И все-таки я решил пойти напрямую и спросил:
— Как вы, Михаил Иванович, разговаривали с Гитлером?
Потапов ответил резко и коротко:
— Так же, как другие мои сотоварищи-генералы. Мы не разговоры с фашистами вели, а продолжали воевать!
Хлебом кормили крестьянки меня
В современном разговорном лексиконе слово «окруженец» употребляется редко, из повседневного обихода оно вроде бы выветрилось, а если где его и можно встретить, то лишь на страницах книг некоторых моих товарищей, пишущих, как они считают, «в новом ракурсе».
Не буду вовлекать читателя в наши литературные споры, но должен сказать, что я по-прежнему считаю задачей и долгом людей, владеющих пером, славить подвиг, доблесть, геройство, именно эти качества искать и находить в прошлом и настоящем.
Время, давность все равно не подведут к одному знаменателю труса и храбреца, патриота и предателя, безвольного и мужественного. Правда сурова и амнистии не подлежит.
Потому я не признаю «нового ракурса» как всеобщего уравнивания и всепрощения, но мне важно высветлить то, что пребывало в тени, найти новые факты и дать им верное истолкование, снять подозрение с явлений, которые получили разноречивые оценки, связанные с чрезвычайными обстоятельствами.
Мне бы не хотелось, чтобы рассказ о Зеленой браме и обо всем, что происходило сразу после этого сражения, возродил горестное, да еще и с недобрым оттенком, презрительным, что ли, бытовавшее тогда слово «окруженец».
Оказывается — издалека виднее. Что ж, давайте разберемся.
Попробуем взглянуть из сегодняшнего дня на события сорок первого года и привести необходимое разъяснение, а слово «окруженец» будем употреблять условно.
Поначалу, когда преимущество напавших было очевидным, тысячи и тысячи воинов, хотя и сражались беззаветно, попадали в окружение, обернувшееся для многих пленом. Но напрасно трезвонили завоеватели, будто захватили в плен целиком несколько армий. Они порой сами чувствовали себя в окружении и, находясь далеко от фронта, на ночь занимали круговую оборону у своих комендатур.
Украина была вся в движении и напряжении...
Воины, потерявшие свои части, пробивались по оккупированной территории к фронту небольшими группами, а иные и в одиночку. Другие присоединялись к местным партизанским отрядам или создавали свои отряды, впоследствии переросшие в могучие соединения.

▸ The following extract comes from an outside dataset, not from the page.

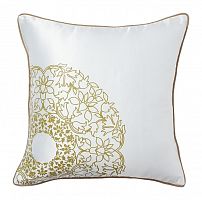 подушка с золотыми цветами flower weaving white в Таганроге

Бегство из плена было не только мечтой. Бежали под огнем пулеметов, недострелянные выбирались из братских могил, штурмовали заграждения из многорядной колючей проволоки, зная, что погибнут многие, а осуществить побег удастся лишь нескольким... Разбегались на марше из колонн, пробивали доски пола увозивших их на запад вагонов и прыгали на ходу.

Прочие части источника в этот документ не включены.